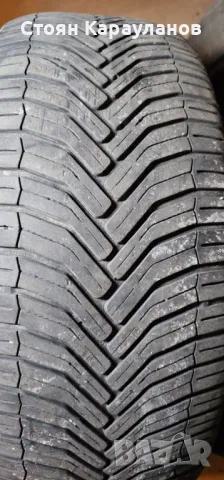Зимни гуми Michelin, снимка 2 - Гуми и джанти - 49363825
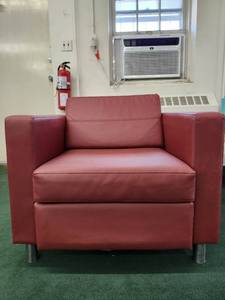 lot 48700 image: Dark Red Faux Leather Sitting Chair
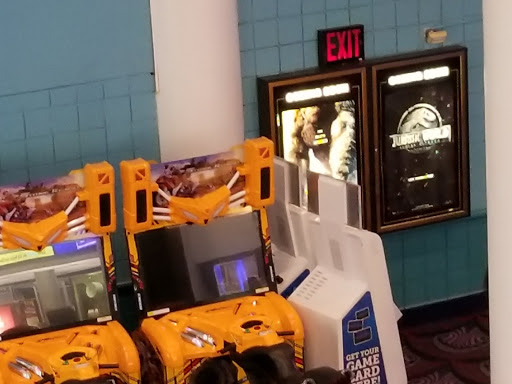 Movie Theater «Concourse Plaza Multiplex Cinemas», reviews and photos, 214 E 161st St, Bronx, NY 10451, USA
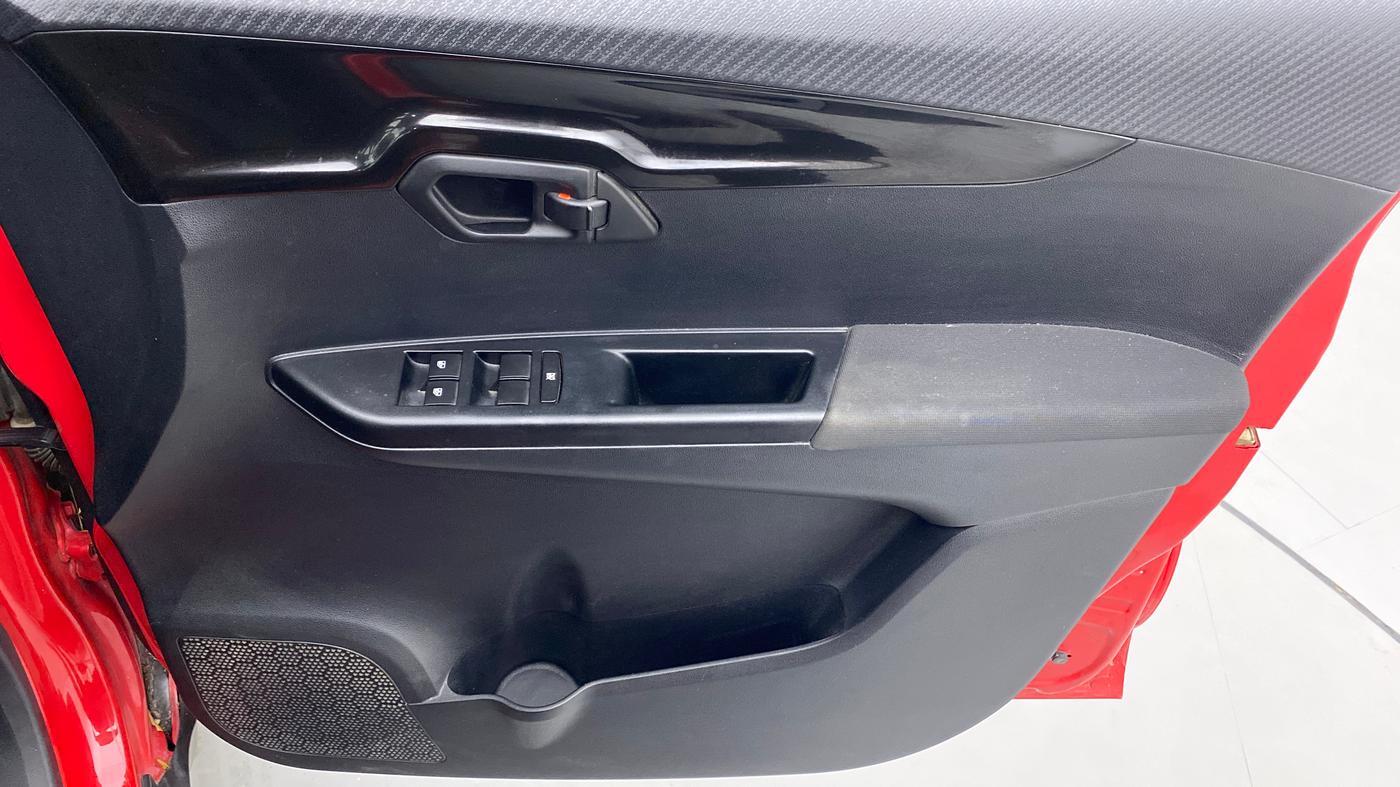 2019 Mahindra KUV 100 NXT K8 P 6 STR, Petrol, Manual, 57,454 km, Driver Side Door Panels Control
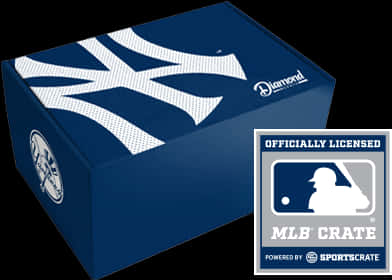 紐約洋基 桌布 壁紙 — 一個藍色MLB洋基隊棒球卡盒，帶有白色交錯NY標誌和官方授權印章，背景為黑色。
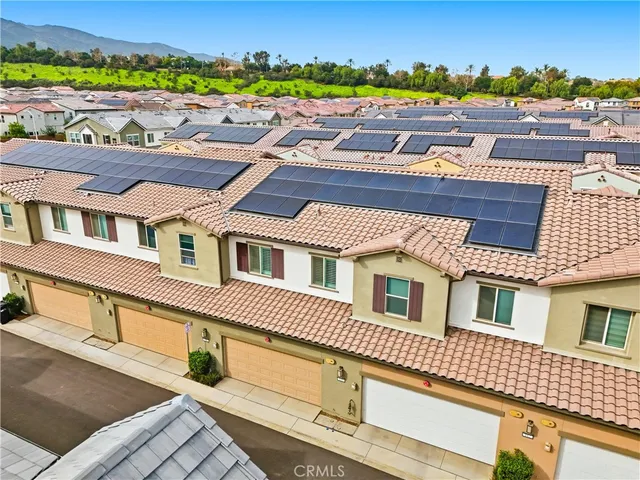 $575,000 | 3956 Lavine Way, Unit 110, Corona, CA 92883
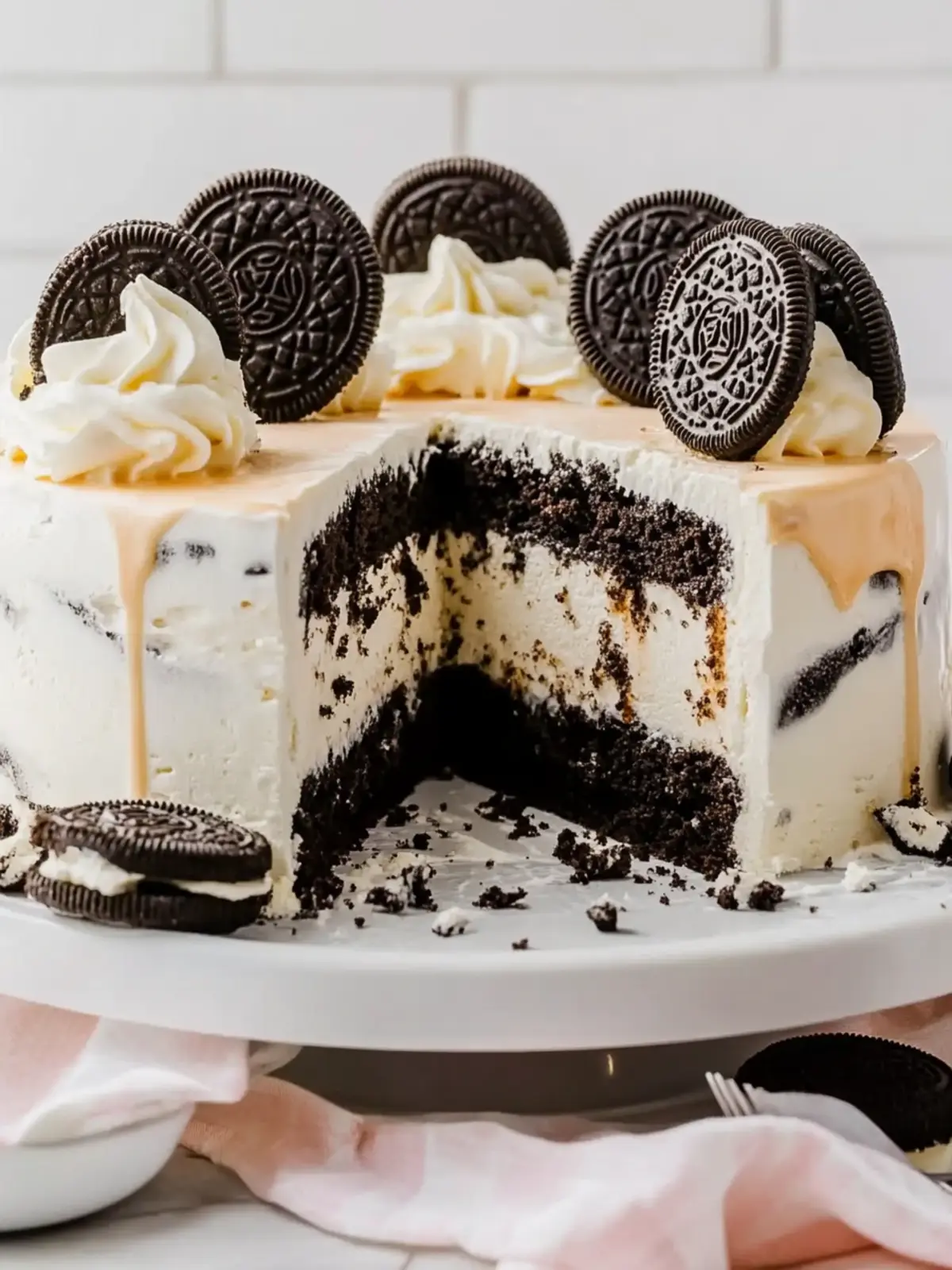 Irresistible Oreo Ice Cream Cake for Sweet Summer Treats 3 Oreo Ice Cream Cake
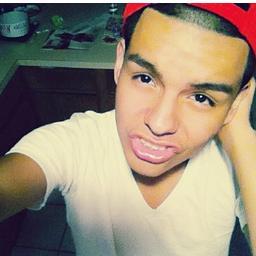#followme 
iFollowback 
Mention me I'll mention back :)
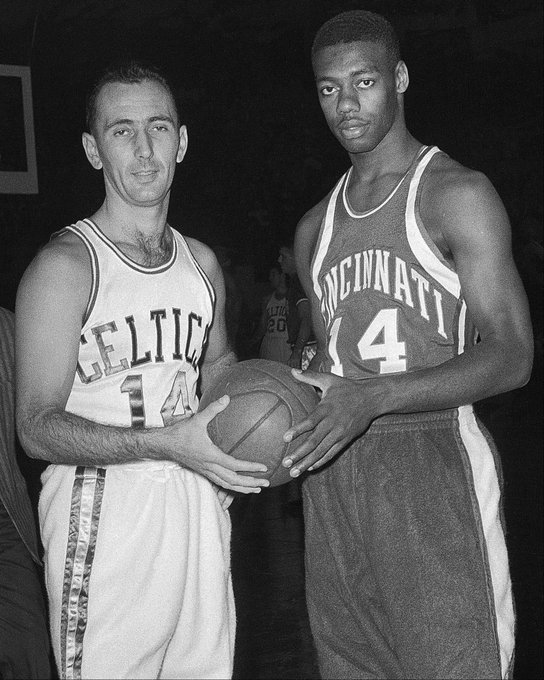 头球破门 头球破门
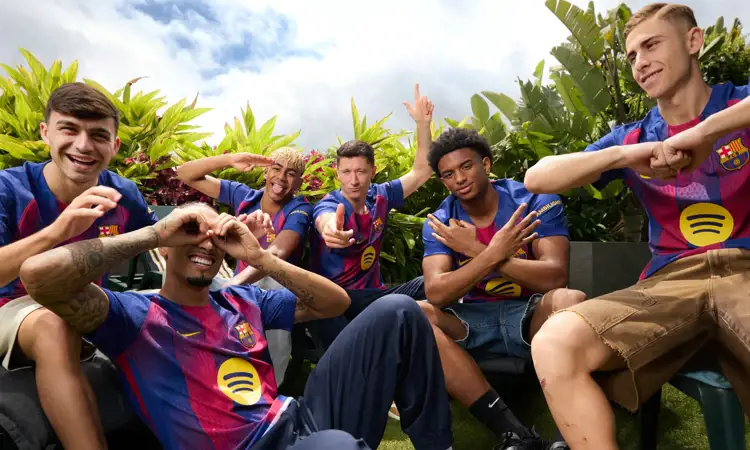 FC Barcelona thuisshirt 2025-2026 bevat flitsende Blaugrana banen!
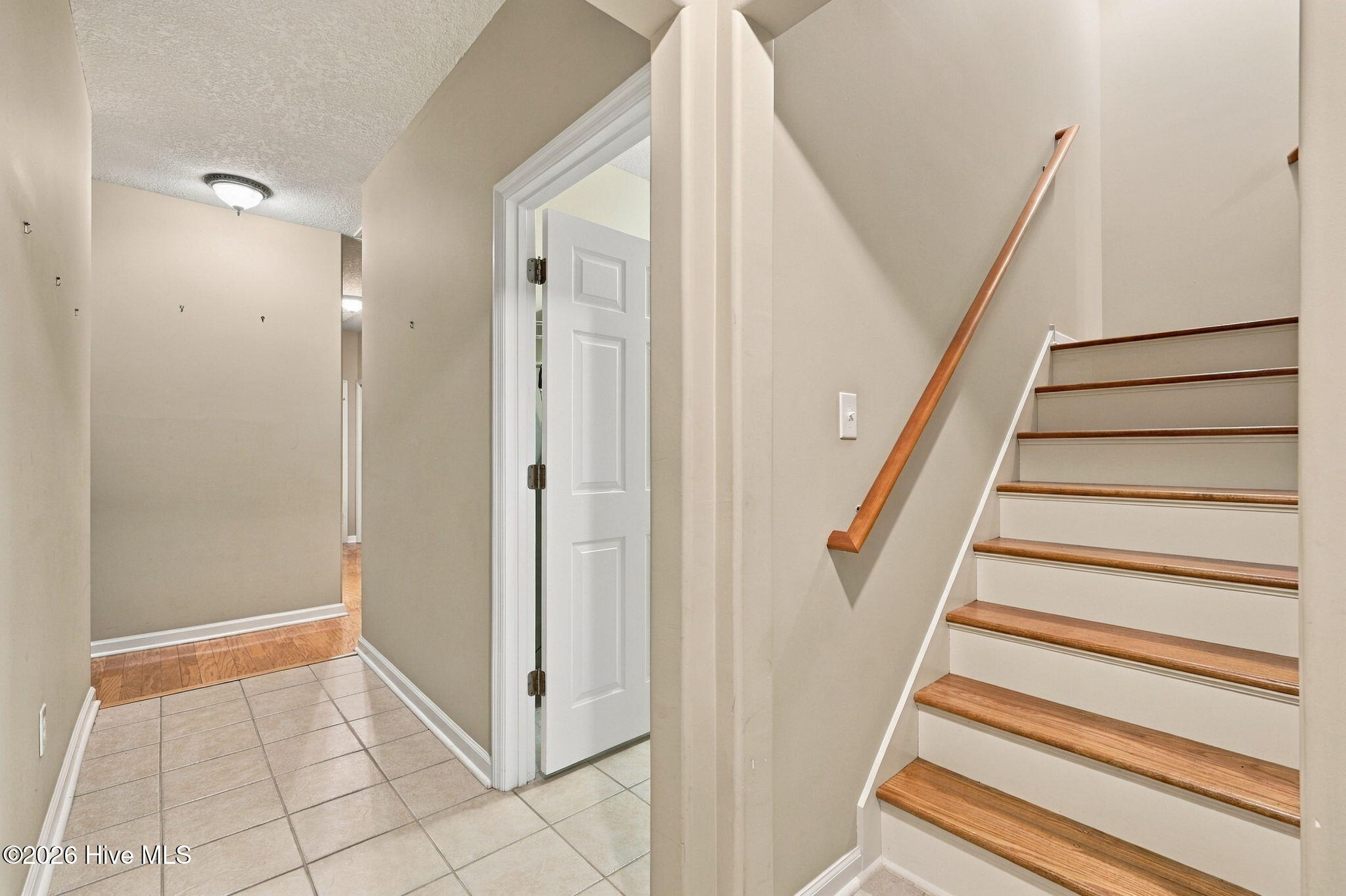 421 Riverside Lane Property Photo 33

■ **Assignment**
The copy should hold exactly the lines from the line containing "Irresistible Oreo Ice" through the last line of the records, both included, and no pictures or other lines.

■ **Response area**
 Irresistible Oreo Ice Cream Cake for Sweet Summer Treats 3 Oreo Ice Cream Cake
#followme 
iFollowback 
Mention me I'll mention back :)
 头球破门 头球破门
 FC Barcelona thuisshirt 2025-2026 bevat flitsende Blaugrana banen!
 421 Riverside Lane Property Photo 33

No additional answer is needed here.